Businesses in the US are taxed at a standard level of 35%, while partners in investment funds are taxed at 15%.
The proposal comes ahead of a $4bn flotation by Blackstone, the world's second-largest private equity firm.
"The nature of investment vehicles is changing right before our eyes and the tax code must keep up," the senators said.
"Creative new structures for investment vehicles may blur the lines for the tax treatment of income. We must make the law clear and apply fairly, or risk the erosion of our corporate base."
According to the US constitution, tax legislation has to start in the House of Representatives - by standard practice, in the powerful Ways and Means Committee - rather than the Senate.

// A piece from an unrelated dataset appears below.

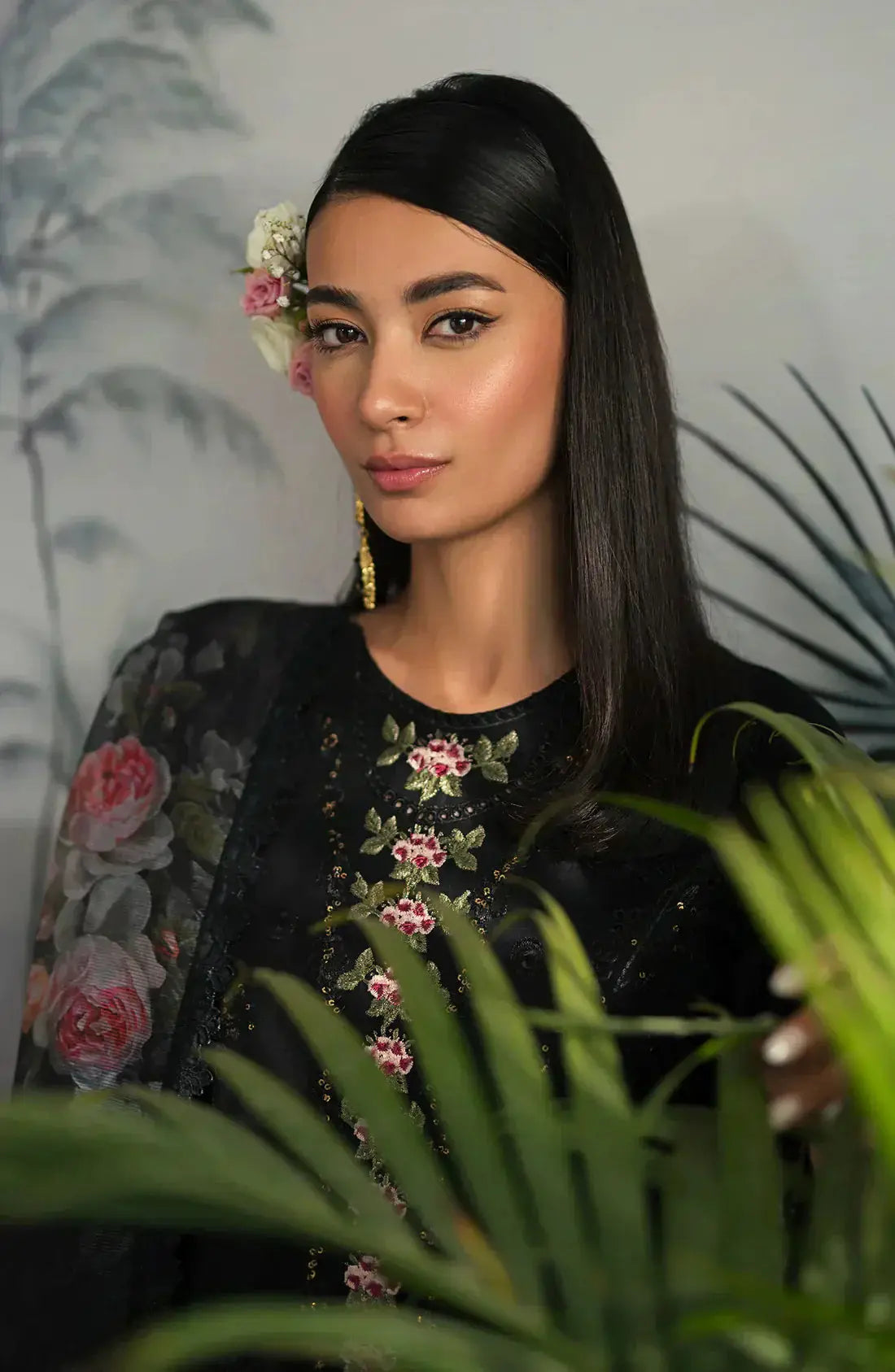 Emaan Adeel | Ayra Luxury Lawn 24 | AR-05 - Pakistani Designer Dress - by Emaan Adeel | Type: Luxury - 100% Original at Saira Sultan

But the committee's chairman, Chuck Rangel, has already given his support.
"Together, our actions should put everyone on notice that Congress may act to address these outstanding issues," he said.
Private equity firms in the UK have also come under fire - with unions and MPs questioning the levels of tax that they pay.
Last week the head of one UK private equity group, SVG's Nick Ferguson, said the claims may have some justification, when he admitted that some of those running and investing in private equity were paying tax at a lower level than cleaners.
Blackstones expects will raise about $4bn by making just over 10% available to investors.
Shareholders will own a stake in the management company rather than the portfolio of companies in which it has invested.
Separately the Chinese government has agreed to pay $3bn (£1.5bn) for a 10% stake.